## Scraped caption text data
*****
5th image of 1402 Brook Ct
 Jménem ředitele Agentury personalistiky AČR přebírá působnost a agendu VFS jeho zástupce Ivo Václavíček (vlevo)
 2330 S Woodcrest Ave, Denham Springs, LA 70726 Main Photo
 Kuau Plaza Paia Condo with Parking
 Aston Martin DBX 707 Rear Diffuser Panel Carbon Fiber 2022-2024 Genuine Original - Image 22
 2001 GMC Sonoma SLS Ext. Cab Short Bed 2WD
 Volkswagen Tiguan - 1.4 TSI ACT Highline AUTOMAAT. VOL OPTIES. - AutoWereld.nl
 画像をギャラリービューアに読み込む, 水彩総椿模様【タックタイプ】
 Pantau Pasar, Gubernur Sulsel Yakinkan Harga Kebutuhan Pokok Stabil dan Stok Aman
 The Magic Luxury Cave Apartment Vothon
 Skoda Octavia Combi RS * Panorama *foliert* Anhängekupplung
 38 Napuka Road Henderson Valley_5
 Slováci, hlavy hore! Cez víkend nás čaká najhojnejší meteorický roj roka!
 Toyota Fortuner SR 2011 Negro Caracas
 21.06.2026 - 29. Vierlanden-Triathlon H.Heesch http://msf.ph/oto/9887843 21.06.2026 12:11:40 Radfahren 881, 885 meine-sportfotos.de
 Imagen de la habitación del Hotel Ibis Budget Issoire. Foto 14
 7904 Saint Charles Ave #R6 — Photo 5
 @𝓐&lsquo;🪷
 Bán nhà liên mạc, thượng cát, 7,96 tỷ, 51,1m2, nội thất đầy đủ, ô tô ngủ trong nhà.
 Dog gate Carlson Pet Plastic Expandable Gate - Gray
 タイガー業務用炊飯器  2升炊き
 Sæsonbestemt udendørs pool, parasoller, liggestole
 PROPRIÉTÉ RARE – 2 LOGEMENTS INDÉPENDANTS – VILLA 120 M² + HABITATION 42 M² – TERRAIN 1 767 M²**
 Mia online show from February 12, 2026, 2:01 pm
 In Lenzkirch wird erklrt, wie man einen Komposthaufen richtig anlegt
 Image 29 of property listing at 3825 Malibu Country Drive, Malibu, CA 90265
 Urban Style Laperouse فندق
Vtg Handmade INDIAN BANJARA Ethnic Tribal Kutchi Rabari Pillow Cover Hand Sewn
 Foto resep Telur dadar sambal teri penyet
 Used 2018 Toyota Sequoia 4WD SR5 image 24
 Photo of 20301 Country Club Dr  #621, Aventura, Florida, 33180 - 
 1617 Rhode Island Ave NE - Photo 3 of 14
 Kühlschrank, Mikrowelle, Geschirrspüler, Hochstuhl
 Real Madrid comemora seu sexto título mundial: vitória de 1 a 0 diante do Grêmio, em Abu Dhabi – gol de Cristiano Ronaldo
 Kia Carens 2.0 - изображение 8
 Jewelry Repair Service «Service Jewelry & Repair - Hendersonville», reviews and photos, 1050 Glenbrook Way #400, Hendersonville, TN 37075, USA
*****
## Exercise prompt
Within the entries above, find each line where "Country" appears; copy every one.

## Expected answer
 Image 29 of property listing at 3825 Malibu Country Drive, Malibu, CA 90265
 Photo of 20301 Country Club Dr  #621, Aventura, Florida, 33180 - 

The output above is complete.